(Record excerpts)
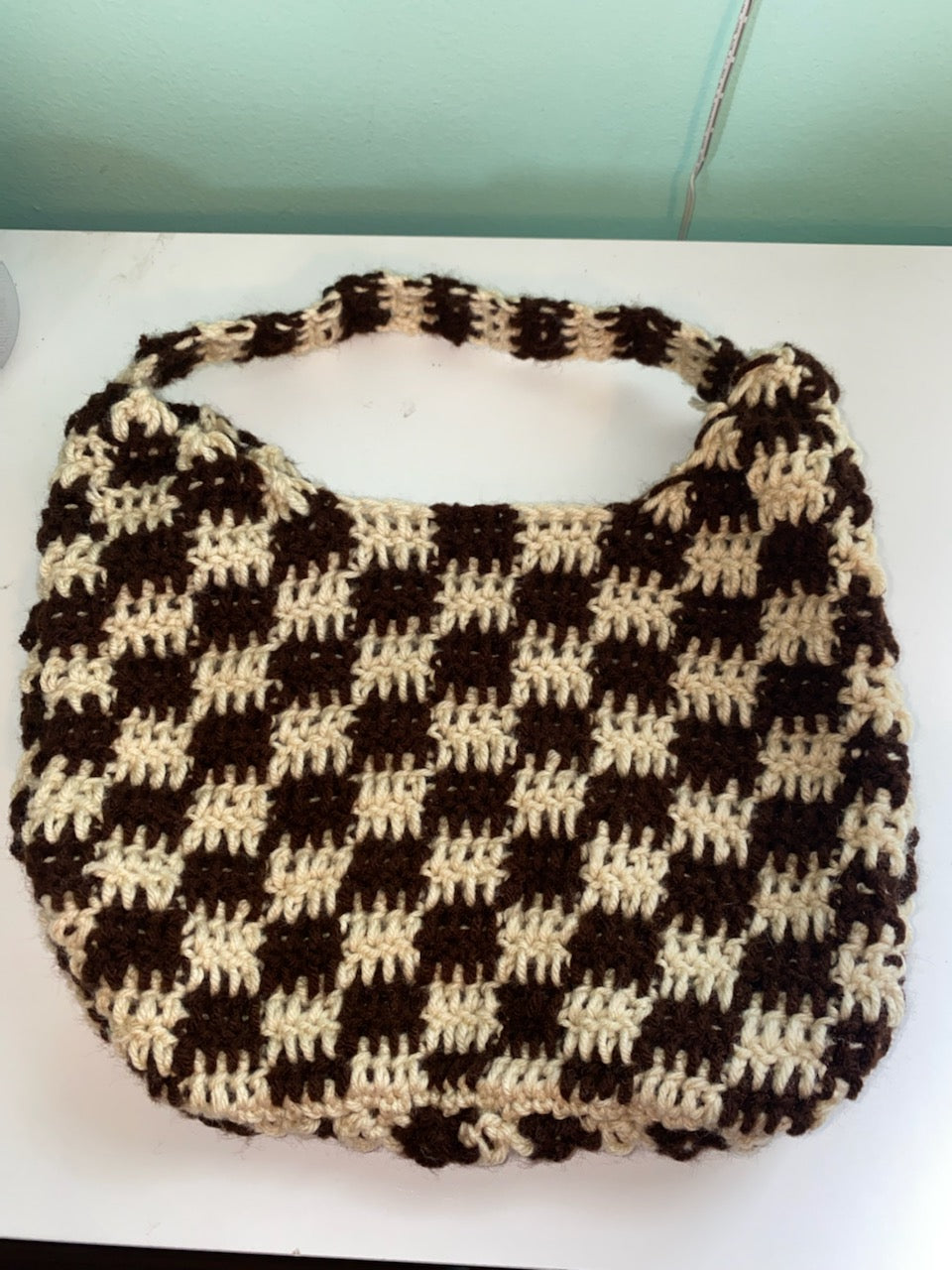 Checkered Crochet Tote Bag Large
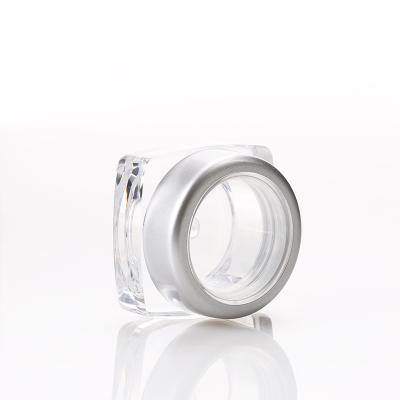 China 3ml 5ml Square Cosmetic Clear Plastic Jar Empty Glitter Eyeshadow Cosmetic Container For Nail Powder for sale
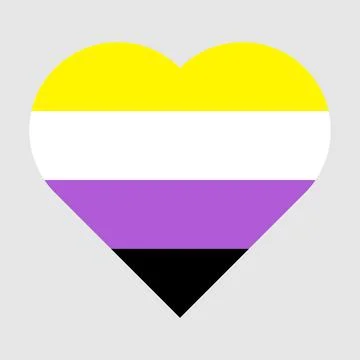 Nonbinary flag heart icon on white background Illustrazione stock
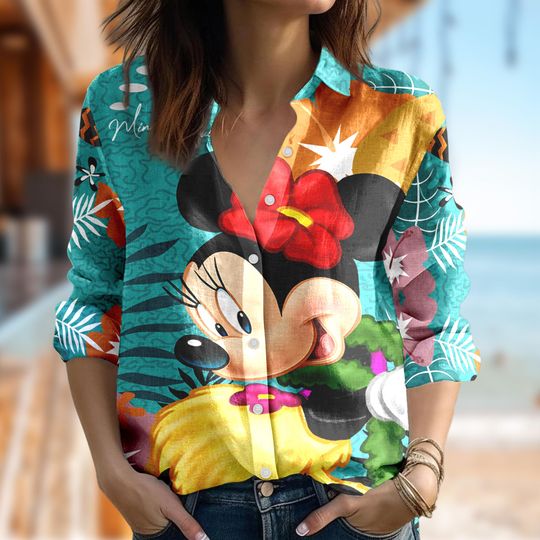 Flower Disney Minnie Mouse Shirt, Minnie Mouse Casual Shirt, Movie Button Up Shirt, Cartoon Women Blouses Gift, Magic Kingdom Shirt
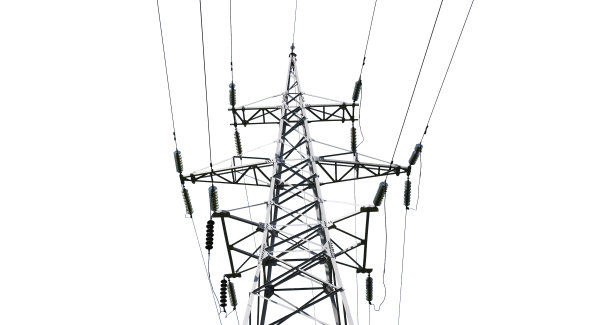 隔离的电力塔(高压电线)，白色背景图片下载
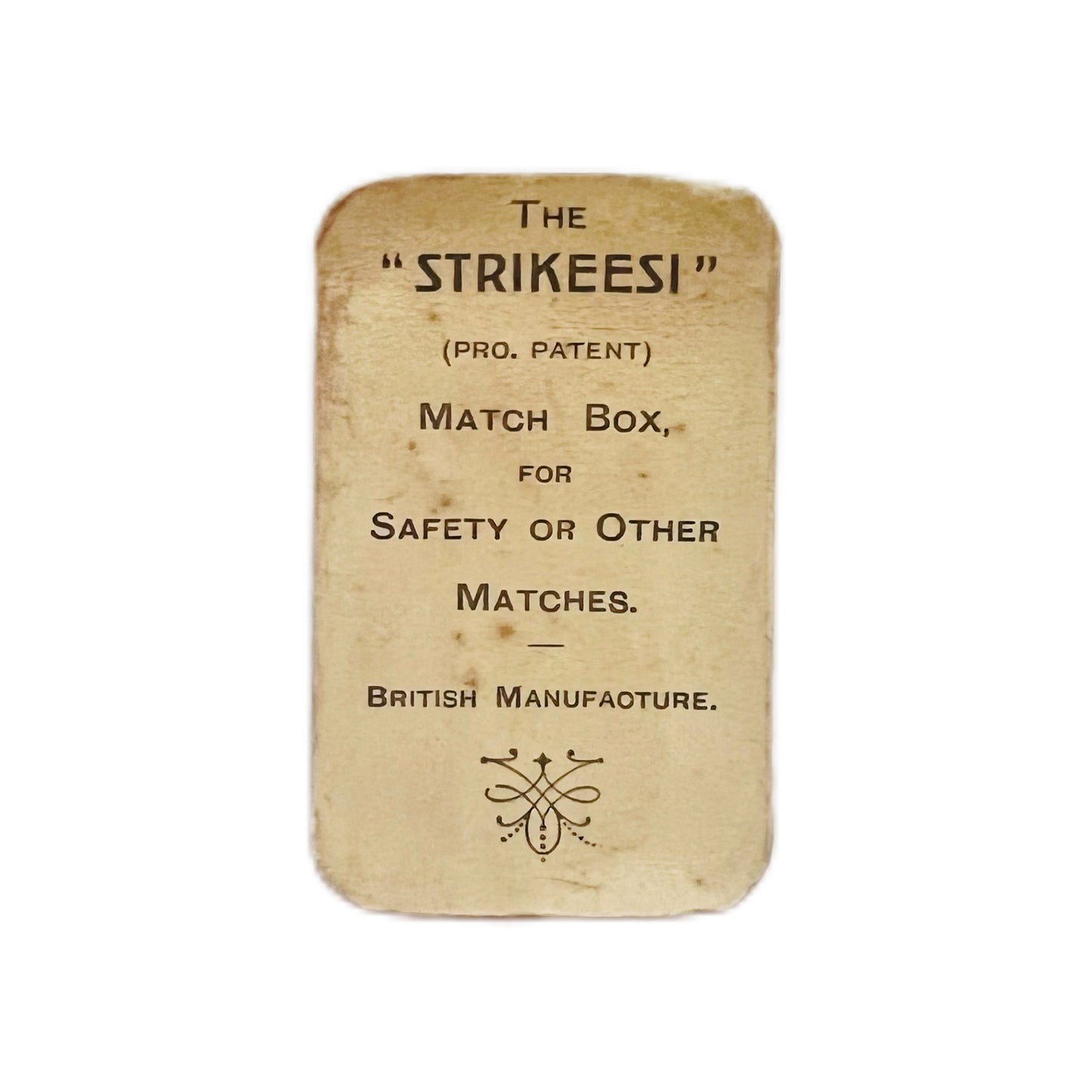 罕见的 1920 年代“Strikeesi”乔治五世纯银火柴盒，附原装卡片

(Exercise goal) Every line from the one with "China 3ml 5ml" through the end of the material above should be restated word for word, with the pictures left out.

(Result of the task)
 China 3ml 5ml Square Cosmetic Clear Plastic Jar Empty Glitter Eyeshadow Cosmetic Container For Nail Powder for sale
 Nonbinary flag heart icon on white background Illustrazione stock
 Flower Disney Minnie Mouse Shirt, Minnie Mouse Casual Shirt, Movie Button Up Shirt, Cartoon Women Blouses Gift, Magic Kingdom Shirt
 隔离的电力塔(高压电线)，白色背景图片下载
 罕见的 1920 年代“Strikeesi”乔治五世纯银火柴盒，附原装卡片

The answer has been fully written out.